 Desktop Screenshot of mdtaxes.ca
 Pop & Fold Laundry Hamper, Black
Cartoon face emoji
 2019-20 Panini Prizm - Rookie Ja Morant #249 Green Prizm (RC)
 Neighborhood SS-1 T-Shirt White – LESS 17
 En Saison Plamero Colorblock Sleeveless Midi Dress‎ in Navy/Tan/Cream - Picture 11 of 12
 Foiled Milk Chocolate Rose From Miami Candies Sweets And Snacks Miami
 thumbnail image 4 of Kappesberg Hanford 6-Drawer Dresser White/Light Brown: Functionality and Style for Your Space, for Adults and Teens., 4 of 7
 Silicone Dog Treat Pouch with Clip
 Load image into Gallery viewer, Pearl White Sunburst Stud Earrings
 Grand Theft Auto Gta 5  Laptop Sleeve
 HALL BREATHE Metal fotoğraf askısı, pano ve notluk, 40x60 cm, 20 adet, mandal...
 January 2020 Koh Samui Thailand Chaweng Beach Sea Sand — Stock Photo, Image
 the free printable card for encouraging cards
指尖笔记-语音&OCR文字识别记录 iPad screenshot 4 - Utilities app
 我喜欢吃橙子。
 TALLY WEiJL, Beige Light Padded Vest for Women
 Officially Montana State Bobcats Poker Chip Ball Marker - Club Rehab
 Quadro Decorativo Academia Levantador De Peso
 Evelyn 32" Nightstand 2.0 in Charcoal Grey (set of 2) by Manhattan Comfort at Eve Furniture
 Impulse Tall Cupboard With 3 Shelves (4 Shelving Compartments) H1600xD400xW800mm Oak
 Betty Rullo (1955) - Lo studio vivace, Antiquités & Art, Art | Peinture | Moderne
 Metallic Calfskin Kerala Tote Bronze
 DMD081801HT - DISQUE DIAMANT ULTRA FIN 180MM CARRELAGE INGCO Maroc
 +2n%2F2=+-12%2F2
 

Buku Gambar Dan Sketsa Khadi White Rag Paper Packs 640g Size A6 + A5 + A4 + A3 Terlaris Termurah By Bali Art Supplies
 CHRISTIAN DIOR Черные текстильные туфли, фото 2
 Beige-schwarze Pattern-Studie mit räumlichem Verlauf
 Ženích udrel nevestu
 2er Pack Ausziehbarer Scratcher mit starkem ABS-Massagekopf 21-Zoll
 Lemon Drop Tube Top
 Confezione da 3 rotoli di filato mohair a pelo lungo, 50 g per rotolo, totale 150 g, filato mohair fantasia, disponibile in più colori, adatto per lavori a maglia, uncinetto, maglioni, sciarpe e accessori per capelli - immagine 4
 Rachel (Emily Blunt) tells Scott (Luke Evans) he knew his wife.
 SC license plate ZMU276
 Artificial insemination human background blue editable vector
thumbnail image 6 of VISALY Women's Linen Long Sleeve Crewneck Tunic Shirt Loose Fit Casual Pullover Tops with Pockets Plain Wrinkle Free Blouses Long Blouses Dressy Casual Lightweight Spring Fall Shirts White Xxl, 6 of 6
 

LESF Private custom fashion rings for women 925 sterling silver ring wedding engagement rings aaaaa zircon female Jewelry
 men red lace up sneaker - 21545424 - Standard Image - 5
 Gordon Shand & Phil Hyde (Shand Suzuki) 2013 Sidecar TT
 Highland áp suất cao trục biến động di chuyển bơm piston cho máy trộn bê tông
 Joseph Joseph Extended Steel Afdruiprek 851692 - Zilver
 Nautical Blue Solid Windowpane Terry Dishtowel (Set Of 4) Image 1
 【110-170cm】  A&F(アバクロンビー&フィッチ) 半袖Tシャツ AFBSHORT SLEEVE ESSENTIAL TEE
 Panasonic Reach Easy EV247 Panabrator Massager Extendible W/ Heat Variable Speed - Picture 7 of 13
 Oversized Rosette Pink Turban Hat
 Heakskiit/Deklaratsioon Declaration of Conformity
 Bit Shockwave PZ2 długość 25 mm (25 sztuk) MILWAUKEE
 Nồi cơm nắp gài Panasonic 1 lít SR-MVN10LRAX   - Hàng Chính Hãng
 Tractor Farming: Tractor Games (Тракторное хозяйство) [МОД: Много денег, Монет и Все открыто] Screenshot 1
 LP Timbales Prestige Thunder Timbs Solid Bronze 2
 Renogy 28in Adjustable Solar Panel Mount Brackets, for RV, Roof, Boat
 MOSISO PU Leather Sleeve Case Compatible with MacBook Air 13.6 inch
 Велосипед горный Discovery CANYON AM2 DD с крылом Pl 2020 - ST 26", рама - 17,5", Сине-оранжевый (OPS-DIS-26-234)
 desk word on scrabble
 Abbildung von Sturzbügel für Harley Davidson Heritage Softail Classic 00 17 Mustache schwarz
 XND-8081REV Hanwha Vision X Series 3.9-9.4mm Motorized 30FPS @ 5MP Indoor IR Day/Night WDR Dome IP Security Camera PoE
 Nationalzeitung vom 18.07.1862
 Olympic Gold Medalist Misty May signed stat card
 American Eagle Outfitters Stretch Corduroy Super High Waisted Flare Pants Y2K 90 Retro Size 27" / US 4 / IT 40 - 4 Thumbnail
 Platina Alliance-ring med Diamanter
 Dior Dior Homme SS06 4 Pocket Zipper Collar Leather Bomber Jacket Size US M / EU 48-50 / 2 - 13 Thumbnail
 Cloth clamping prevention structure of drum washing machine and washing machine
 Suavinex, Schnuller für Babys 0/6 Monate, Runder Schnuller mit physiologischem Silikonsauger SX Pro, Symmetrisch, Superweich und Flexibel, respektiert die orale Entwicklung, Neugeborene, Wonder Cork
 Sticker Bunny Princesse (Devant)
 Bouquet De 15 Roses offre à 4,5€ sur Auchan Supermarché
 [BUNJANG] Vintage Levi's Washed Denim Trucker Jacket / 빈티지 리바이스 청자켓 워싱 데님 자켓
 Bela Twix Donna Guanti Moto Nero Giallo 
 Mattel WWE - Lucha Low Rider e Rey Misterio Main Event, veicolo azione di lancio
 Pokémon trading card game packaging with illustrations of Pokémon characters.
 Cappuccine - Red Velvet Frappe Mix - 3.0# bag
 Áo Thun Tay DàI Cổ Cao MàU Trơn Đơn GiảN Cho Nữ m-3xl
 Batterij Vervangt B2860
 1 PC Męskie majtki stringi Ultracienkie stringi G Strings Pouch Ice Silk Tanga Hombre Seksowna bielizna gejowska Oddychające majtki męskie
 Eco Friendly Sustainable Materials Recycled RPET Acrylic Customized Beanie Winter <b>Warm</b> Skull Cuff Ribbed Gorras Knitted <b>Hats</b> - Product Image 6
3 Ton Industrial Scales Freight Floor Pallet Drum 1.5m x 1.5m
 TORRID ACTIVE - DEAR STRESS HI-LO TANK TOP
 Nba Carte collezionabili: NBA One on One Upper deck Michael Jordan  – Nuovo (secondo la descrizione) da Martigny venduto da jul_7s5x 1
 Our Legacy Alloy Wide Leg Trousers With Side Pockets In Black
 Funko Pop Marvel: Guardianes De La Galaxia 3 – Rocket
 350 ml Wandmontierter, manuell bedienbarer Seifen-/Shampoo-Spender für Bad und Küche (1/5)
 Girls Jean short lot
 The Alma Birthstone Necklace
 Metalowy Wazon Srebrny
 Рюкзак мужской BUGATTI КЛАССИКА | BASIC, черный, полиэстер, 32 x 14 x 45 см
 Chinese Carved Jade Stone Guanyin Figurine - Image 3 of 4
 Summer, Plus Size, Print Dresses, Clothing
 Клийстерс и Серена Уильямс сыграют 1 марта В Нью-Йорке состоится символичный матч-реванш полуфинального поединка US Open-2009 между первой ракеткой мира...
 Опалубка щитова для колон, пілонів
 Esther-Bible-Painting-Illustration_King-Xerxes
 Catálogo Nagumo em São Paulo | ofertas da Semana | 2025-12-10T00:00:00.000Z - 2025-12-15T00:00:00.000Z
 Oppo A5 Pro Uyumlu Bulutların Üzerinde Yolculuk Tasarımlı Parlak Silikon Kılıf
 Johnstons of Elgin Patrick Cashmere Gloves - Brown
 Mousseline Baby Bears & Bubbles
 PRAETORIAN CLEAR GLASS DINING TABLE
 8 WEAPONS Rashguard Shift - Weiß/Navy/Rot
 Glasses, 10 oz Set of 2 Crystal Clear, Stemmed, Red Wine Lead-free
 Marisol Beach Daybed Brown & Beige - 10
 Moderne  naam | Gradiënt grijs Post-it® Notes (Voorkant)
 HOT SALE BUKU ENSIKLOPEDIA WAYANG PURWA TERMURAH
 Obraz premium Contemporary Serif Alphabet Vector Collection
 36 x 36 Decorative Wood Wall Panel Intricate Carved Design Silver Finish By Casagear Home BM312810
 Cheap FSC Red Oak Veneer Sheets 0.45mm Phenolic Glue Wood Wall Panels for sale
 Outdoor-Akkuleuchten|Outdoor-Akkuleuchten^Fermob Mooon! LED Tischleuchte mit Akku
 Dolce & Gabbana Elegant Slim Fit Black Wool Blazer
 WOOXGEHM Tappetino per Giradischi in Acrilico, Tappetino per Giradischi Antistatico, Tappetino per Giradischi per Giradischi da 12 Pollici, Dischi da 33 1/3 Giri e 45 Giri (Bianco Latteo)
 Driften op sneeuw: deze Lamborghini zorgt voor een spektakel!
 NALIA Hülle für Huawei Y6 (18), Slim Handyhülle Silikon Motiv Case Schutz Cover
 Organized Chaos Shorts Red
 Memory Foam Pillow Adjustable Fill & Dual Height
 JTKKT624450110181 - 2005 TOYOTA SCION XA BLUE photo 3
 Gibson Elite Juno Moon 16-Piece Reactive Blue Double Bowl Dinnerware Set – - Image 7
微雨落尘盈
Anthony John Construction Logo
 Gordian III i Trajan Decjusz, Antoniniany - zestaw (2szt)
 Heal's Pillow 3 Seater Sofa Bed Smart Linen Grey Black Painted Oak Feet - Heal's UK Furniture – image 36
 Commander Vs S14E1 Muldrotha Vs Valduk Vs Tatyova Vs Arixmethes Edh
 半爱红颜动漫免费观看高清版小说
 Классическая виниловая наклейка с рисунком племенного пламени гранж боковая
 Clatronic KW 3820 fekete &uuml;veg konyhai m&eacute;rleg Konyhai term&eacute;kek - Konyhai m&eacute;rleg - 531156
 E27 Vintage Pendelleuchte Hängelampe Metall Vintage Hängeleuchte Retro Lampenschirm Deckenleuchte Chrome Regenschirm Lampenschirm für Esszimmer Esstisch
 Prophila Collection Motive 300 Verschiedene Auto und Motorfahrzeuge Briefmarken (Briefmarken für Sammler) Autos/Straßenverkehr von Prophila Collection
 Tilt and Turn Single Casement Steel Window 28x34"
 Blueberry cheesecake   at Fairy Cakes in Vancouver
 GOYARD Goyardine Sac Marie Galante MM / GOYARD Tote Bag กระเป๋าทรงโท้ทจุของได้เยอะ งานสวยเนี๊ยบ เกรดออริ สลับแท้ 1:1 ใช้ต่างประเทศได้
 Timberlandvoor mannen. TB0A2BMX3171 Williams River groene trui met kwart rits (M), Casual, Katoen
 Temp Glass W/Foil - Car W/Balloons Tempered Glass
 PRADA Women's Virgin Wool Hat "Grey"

++++++++++++++++++++

*Problem details*.
Out of the listing above, reproduce exactly the lines from the one with "Renogy 28in Adjustable" up to and including the one with "Cloth clamping prevention".

*Exercise answer*.
 Renogy 28in Adjustable Solar Panel Mount Brackets, for RV, Roof, Boat
 MOSISO PU Leather Sleeve Case Compatible with MacBook Air 13.6 inch
 Велосипед горный Discovery CANYON AM2 DD с крылом Pl 2020 - ST 26", рама - 17,5", Сине-оранжевый (OPS-DIS-26-234)
 desk word on scrabble
 Abbildung von Sturzbügel für Harley Davidson Heritage Softail Classic 00 17 Mustache schwarz
 XND-8081REV Hanwha Vision X Series 3.9-9.4mm Motorized 30FPS @ 5MP Indoor IR Day/Night WDR Dome IP Security Camera PoE
 Nationalzeitung vom 18.07.1862
 Olympic Gold Medalist Misty May signed stat card
 American Eagle Outfitters Stretch Corduroy Super High Waisted Flare Pants Y2K 90 Retro Size 27" / US 4 / IT 40 - 4 Thumbnail
 Platina Alliance-ring med Diamanter
 Dior Dior Homme SS06 4 Pocket Zipper Collar Leather Bomber Jacket Size US M / EU 48-50 / 2 - 13 Thumbnail
 Cloth clamping prevention structure of drum washing machine and washing machine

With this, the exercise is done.